### PROBLEM TO SOLVE
Please give the lines below again exactly as they stand, from the one that contains "FRACTURES DE RACINES" up to and including the one that contains "Illustration of an", leaving all pictures out.
=== RECORDS SHOWN ===
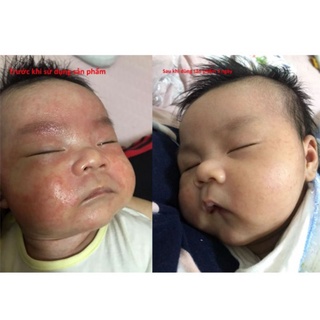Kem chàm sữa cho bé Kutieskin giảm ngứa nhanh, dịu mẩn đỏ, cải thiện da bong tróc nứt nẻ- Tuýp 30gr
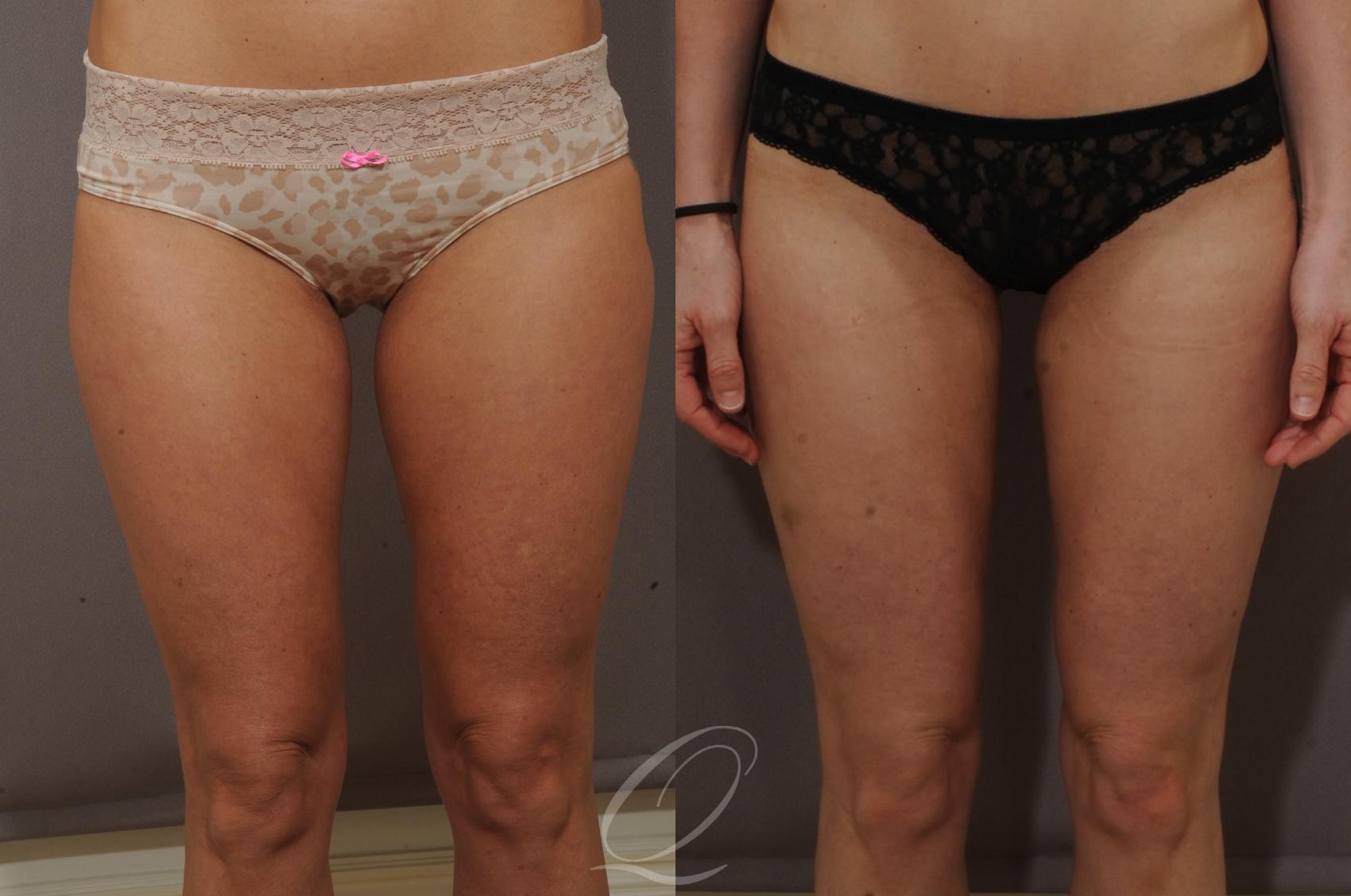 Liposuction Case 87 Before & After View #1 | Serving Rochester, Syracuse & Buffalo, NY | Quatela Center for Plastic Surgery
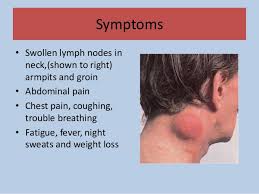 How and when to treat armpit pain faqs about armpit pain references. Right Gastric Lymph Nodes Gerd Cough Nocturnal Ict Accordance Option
===
=== RECORDS SHOWN ===
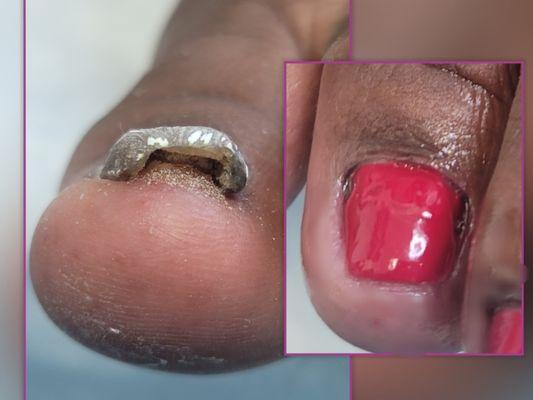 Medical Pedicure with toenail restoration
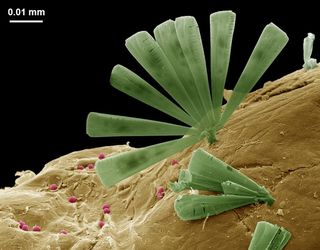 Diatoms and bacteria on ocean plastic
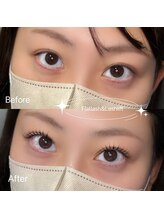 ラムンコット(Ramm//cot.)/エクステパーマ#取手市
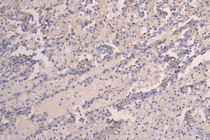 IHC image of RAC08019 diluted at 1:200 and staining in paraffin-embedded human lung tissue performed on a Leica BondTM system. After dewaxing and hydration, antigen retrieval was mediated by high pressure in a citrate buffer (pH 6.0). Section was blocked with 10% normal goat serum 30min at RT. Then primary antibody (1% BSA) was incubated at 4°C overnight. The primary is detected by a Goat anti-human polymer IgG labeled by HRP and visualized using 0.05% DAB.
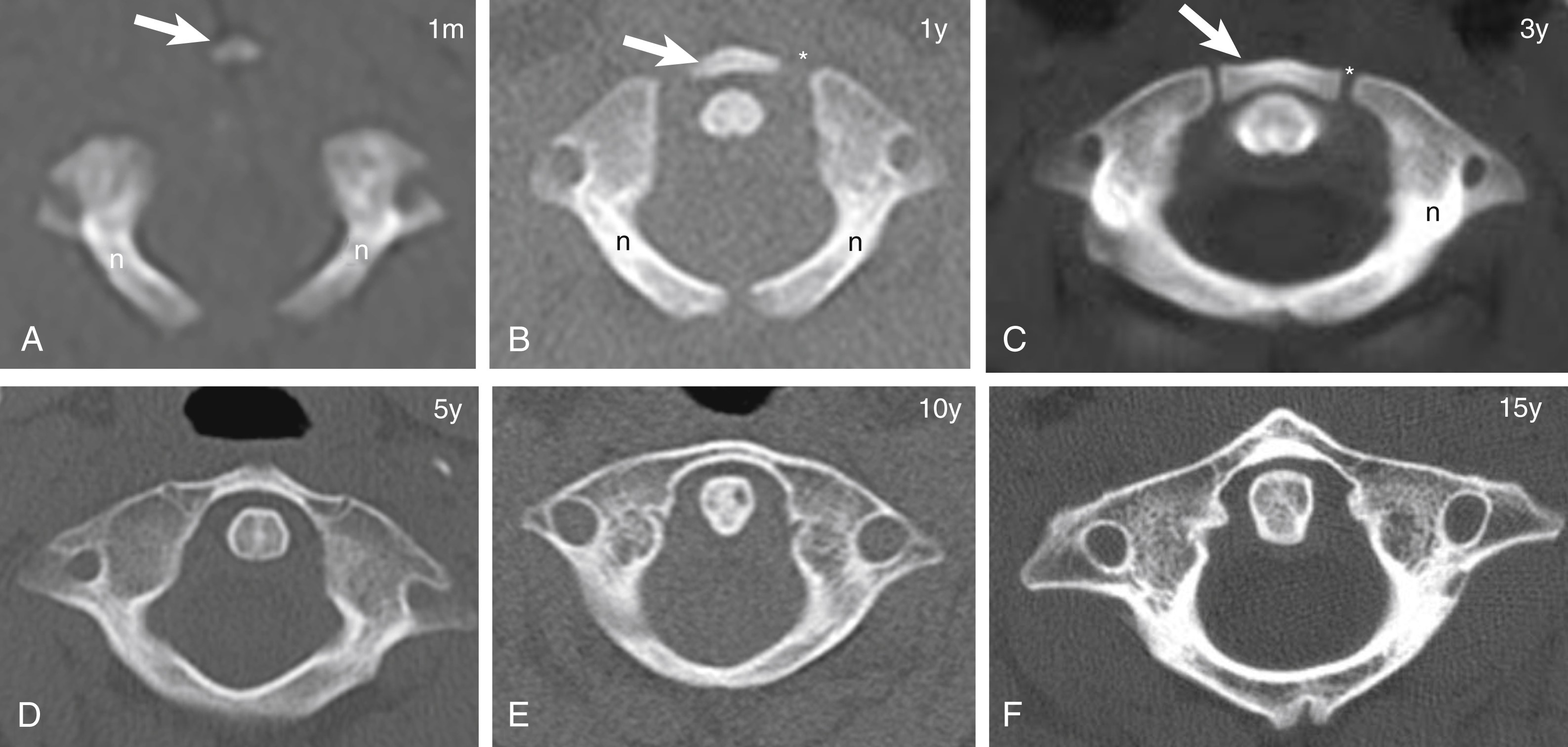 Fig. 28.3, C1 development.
===
=== RECORDS SHOWN ===
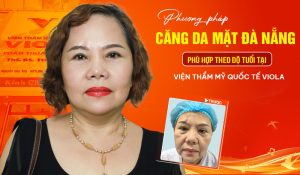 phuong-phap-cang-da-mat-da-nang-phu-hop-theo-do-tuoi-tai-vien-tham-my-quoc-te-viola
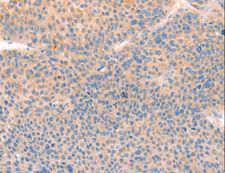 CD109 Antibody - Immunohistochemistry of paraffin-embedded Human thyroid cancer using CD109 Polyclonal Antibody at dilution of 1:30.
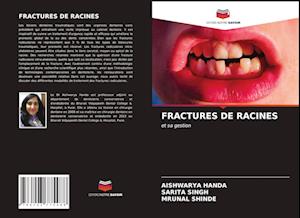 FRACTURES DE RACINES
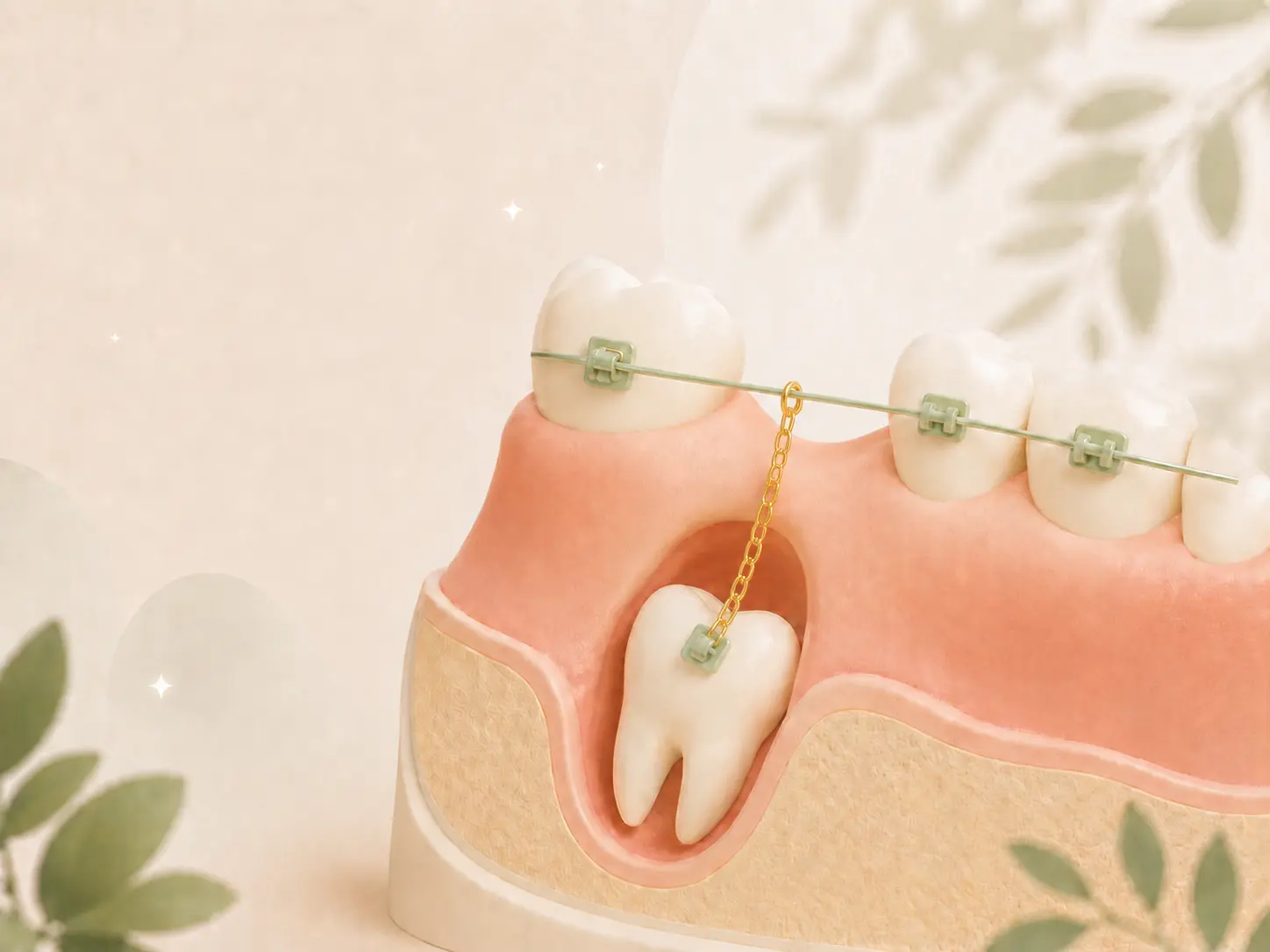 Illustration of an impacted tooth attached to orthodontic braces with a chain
===
### PROBLEM SOLUTION
 FRACTURES DE RACINES
 Illustration of an impacted tooth attached to orthodontic braces with a chain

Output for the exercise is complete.